The records that follow should be returned exactly, pictures excluded.

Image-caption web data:
# # #
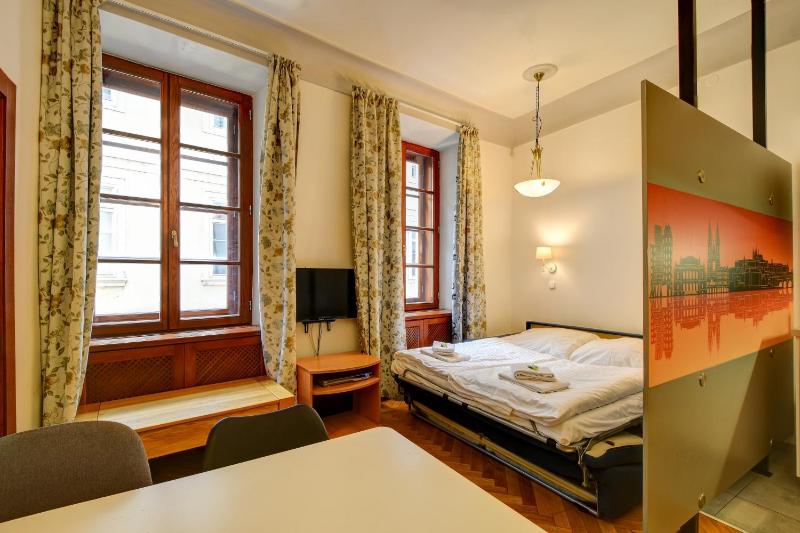 One-Bedroom Apartment image 2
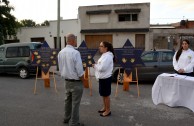 Exhibición de placas de sobrevivientes del Holocausto exaltan la dignidad humana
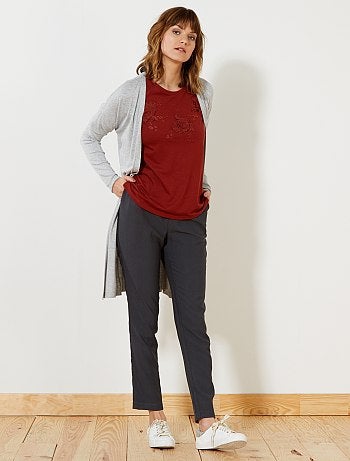 Présent toute l'année dans nos looks, il est une valeur sûre de notre dressing. - Gilet long ouvert - Manches longues - Ceinture à nouer - Longueur dos : 89 cm environ - Notre mannequin porte une taille M et mesure 1m78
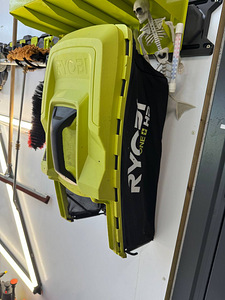 Ryobi RY18LMX40B 18V аккумуляторная газонокосилка 40 см (7 фото из 7)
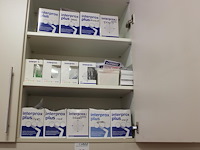 Tandenragers in diverse uitvoeringen in kast. - afbeelding 1 van  2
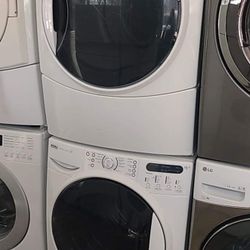 Kenmore Elite Washer And Gas Dryer Set For $680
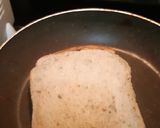 Foto langkah ke 2 dari resep Mushroom and Cheese Sandwich.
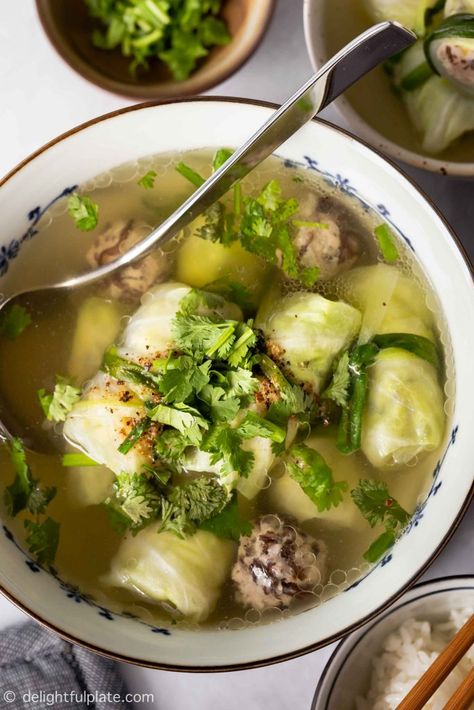 Vietnamese Cabbage Soup, Slow Cooker Red Cabbage, Best Cabbage Recipe, Easy Baked Shrimp, Red Cabbage Recipes, Vietnamese Dishes, Vietnamese Soup, Shrimp Toast, Cabbage Roll Soup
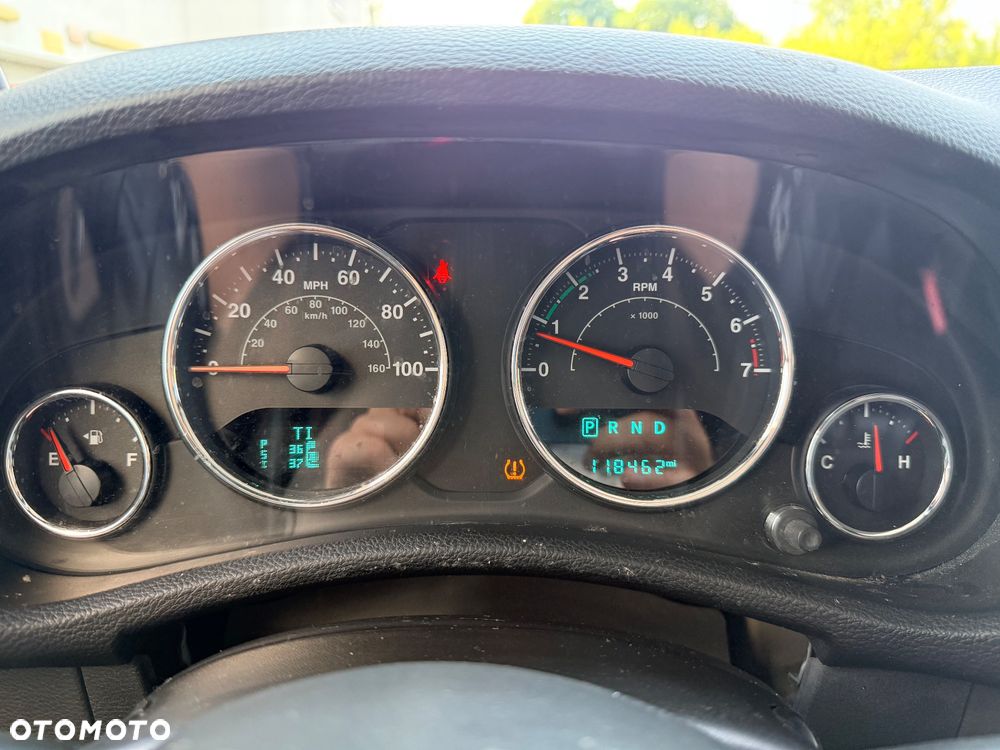 Jeep Wrangler 3.6 Unlim Sahara - 21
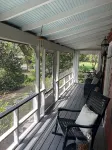 Cottage in the Oaks  is a  restored Historical Cottage from the late 1800’s - 3 stjerner
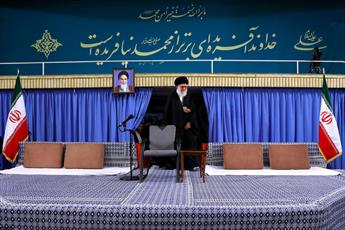 Photos: Govt. officials and participants in Islamic Unity Conference met with Ayatollah Khamenei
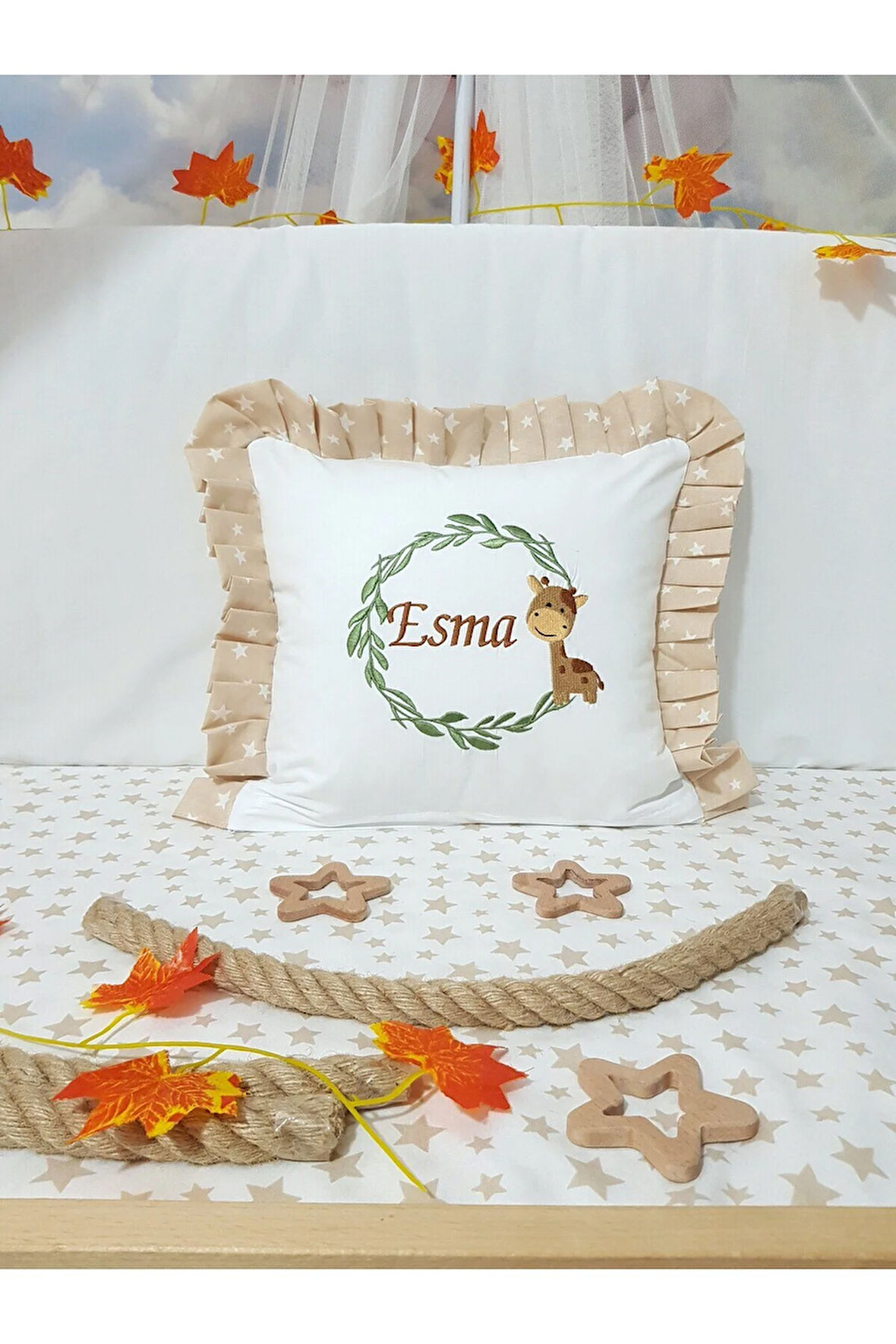 Nakışlı Kırlent Bebek İsimli 40x40 Cm İçi Dolgulu Fırfırlı Kırlent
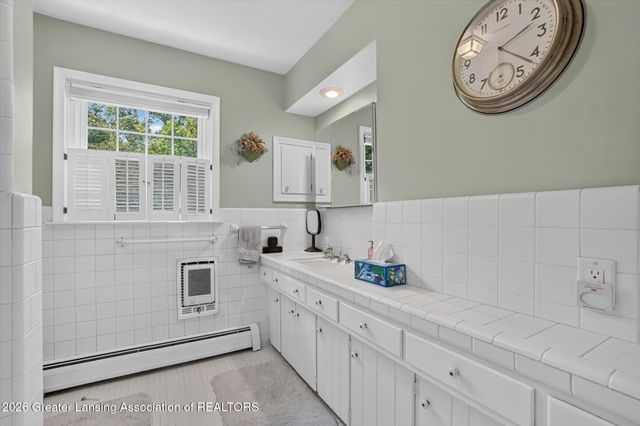 4426 Barton Road, Lansing, MI 48917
# # #
> Solution for this task
 One-Bedroom Apartment image 2
 Exhibición de placas de sobrevivientes del Holocausto exaltan la dignidad humana
 Présent toute l'année dans nos looks, il est une valeur sûre de notre dressing. - Gilet long ouvert - Manches longues - Ceinture à nouer - Longueur dos : 89 cm environ - Notre mannequin porte une taille M et mesure 1m78
 Ryobi RY18LMX40B 18V аккумуляторная газонокосилка 40 см (7 фото из 7)
 Tandenragers in diverse uitvoeringen in kast. - afbeelding 1 van  2
 Kenmore Elite Washer And Gas Dryer Set For $680
 Foto langkah ke 2 dari resep Mushroom and Cheese Sandwich.
 Vietnamese Cabbage Soup, Slow Cooker Red Cabbage, Best Cabbage Recipe, Easy Baked Shrimp, Red Cabbage Recipes, Vietnamese Dishes, Vietnamese Soup, Shrimp Toast, Cabbage Roll Soup
 Jeep Wrangler 3.6 Unlim Sahara - 21
 Cottage in the Oaks  is a  restored Historical Cottage from the late 1800’s - 3 stjerner
 Photos: Govt. officials and participants in Islamic Unity Conference met with Ayatollah Khamenei
 Nakışlı Kırlent Bebek İsimli 40x40 Cm İçi Dolgulu Fırfırlı Kırlent
 4426 Barton Road, Lansing, MI 48917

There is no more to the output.